→ **REQUIREMENT**
Without the images, repeat every line of the listing verbatim.

Top of DATA BELOW

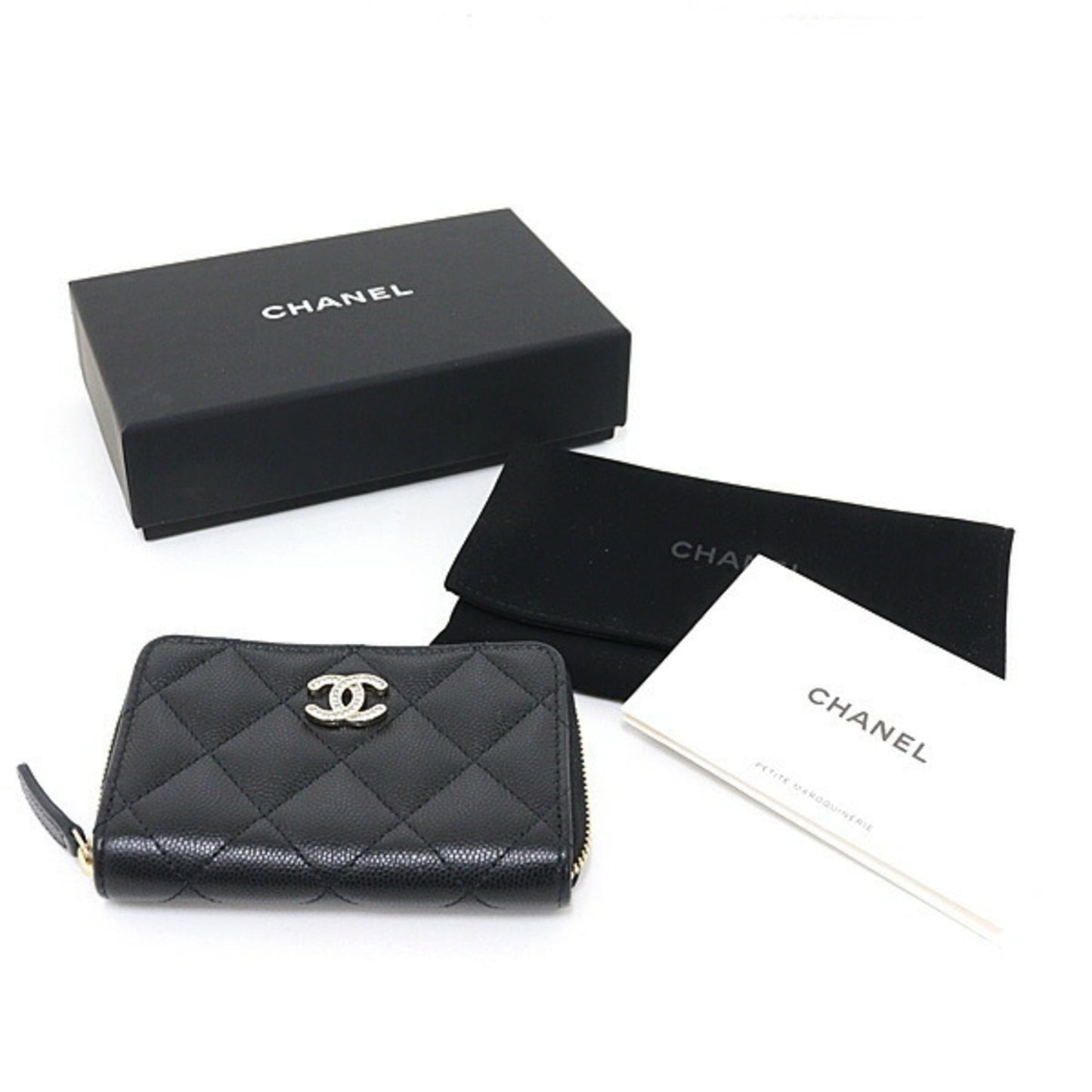 Chanel Matelasse Coin Purse In Black Caviar Leather (Ap4818)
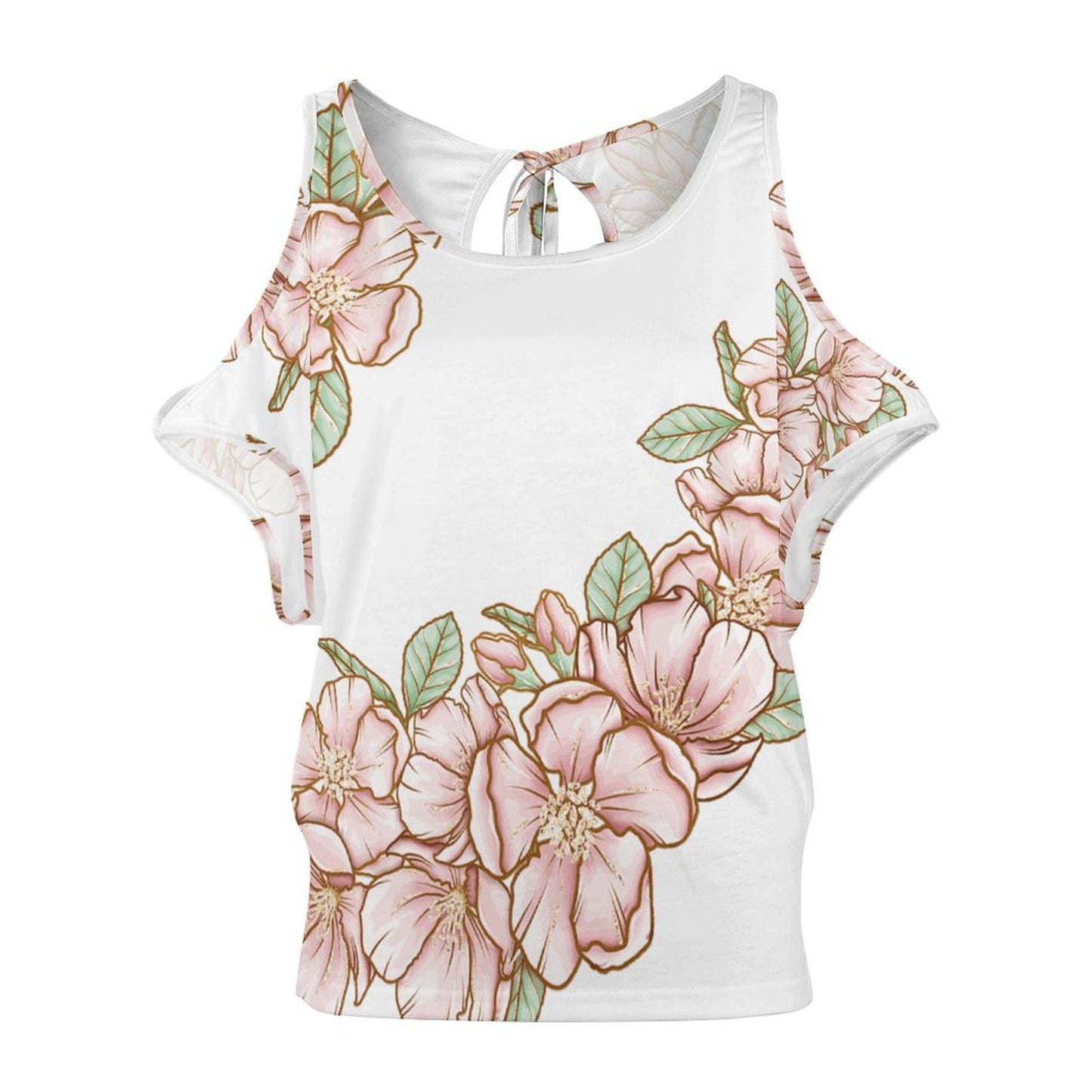 Off Shoulder T-shirt Flowers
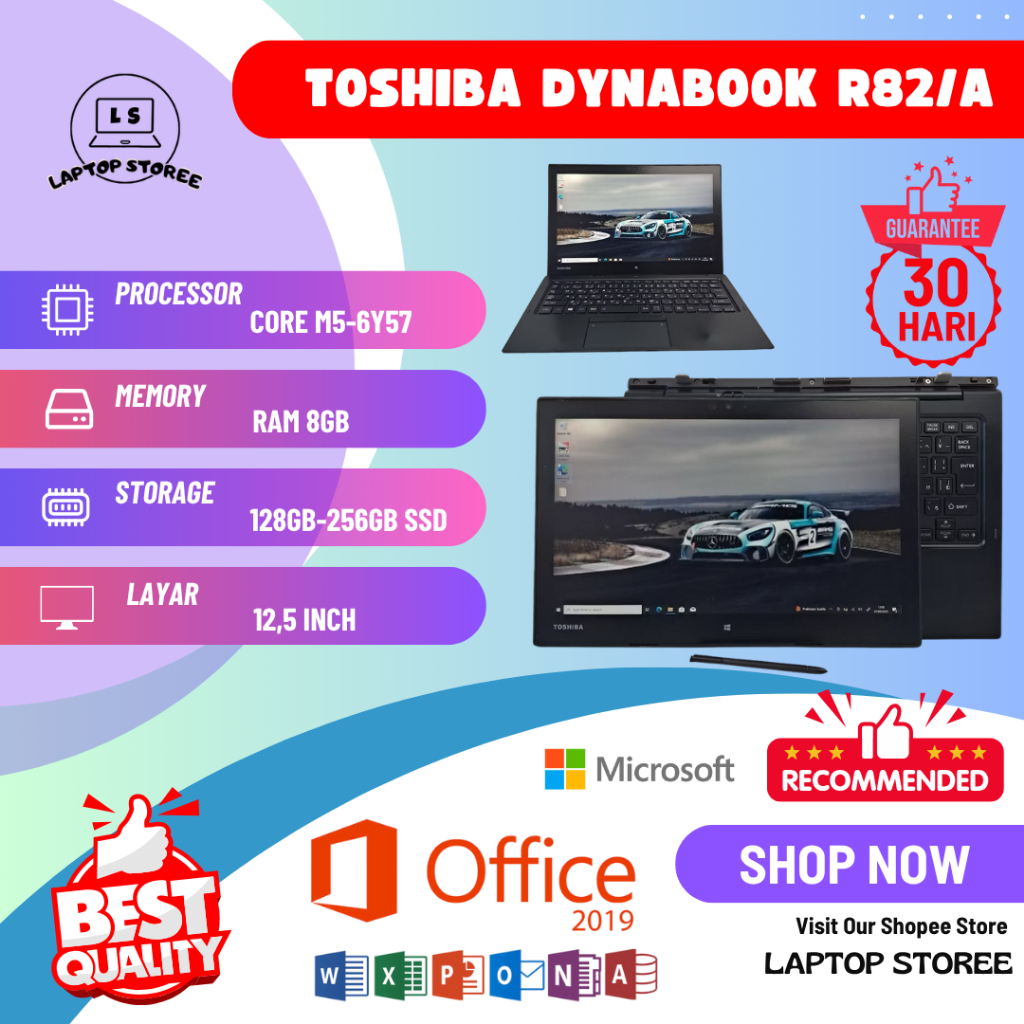 LAPTOP TOSHIBA DYNABOOK R82/A TOUCH SCREEN TABLET 2 IN 1 CORE M5-6Y57 RAM 8GB SSD 256GB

Bottom of DATA BELOW

→ **RESPONSE BELOW**
 Chanel Matelasse Coin Purse In Black Caviar Leather (Ap4818)
 Off Shoulder T-shirt Flowers
 LAPTOP TOSHIBA DYNABOOK R82/A TOUCH SCREEN TABLET 2 IN 1 CORE M5-6Y57 RAM 8GB SSD 256GB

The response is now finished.